“Forty-five fully-patched.”
“Is that all?” Mongrel shakes his head. “You pansies have fucking let it go to rot. I always knew your stupid ideas would take the beef out of our presence, undo everything my generation did to make sure everyone knew who we fucking were and that we’re not to be messed with.”
The bullet ripping through Pits flashes to mind. “They still know not to mess with us.”
“But they are,” he says, pointing his cigarette at me. “From what you just said, you’ve got trespassers, and they wouldn’t do that if they feared for their life by merely stepping over county lines.”
Maybe he has a point.
“What do you propose we’d have done?” I ask. “Start a war every two to three years for funsies to keep everyone on their toes?”
He shrugs. “I would have. Hurricane would have. It wouldn’t have been a question at our table.”
“Casualties have been next to none since we took over.”
“Even more proof you’re not doing enough.”
Proof that our viewpoints differ. For me, members’ lives are things to protect. For him, they’re currency to be paid in the name of staying feared on the road.
“How many were on the books in ’97?”
He sits for a moment, head lolling side to side while he thinks. “A little over two hundred, I think. Maybe a fraction more.”
The whole damn reason why Temperance hates the Kings; they used to be like flies on the road, constantly in your face and coming from every direction.
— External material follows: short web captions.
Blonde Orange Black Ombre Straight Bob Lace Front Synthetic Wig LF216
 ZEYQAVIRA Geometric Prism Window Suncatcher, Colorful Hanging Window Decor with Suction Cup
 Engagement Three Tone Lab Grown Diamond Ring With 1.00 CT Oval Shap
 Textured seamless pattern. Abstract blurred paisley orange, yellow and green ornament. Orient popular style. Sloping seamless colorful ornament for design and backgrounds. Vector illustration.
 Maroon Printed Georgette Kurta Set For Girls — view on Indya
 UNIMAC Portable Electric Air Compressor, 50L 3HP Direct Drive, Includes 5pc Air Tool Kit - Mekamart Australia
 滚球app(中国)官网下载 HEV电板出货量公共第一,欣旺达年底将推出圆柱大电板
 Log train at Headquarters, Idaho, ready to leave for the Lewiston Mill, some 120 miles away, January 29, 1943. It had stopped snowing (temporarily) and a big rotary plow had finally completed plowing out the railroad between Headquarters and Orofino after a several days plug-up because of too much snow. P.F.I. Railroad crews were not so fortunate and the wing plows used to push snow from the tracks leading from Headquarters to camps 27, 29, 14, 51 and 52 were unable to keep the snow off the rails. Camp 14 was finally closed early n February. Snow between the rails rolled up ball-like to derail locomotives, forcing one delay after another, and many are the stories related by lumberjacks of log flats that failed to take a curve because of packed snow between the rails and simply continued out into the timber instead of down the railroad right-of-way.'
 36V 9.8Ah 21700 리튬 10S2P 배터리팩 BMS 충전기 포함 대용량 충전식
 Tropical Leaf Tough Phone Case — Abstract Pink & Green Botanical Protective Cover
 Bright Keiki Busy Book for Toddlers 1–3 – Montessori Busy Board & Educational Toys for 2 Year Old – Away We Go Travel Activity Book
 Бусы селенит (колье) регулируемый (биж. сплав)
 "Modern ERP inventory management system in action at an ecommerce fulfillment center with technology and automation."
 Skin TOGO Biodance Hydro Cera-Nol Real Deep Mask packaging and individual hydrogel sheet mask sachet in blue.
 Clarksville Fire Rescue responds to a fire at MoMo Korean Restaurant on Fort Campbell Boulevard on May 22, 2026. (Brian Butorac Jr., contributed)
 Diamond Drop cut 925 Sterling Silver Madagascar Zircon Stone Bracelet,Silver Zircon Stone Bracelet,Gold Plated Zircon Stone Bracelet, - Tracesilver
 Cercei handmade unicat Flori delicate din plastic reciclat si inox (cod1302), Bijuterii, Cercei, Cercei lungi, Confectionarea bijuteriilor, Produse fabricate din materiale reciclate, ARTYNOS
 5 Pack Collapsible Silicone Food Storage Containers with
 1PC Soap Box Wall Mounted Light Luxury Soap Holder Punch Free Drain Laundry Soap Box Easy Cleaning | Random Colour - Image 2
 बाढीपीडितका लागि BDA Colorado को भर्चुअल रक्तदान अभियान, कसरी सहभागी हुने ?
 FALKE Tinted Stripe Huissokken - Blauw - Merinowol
“Times aren’t the same, but the threats are,” I muse. “The world’s changing its attitude toward clubs like ours, but death is still death, and crime is still crime. The general population wants to feel protected in their homes, but they don’t want to look uponthe face of those willing to do what it takes.” I huff through my nose. “Pretty soon, they’ll have to accept change whether they want it to or not. The way things are now isn’t sustainable.”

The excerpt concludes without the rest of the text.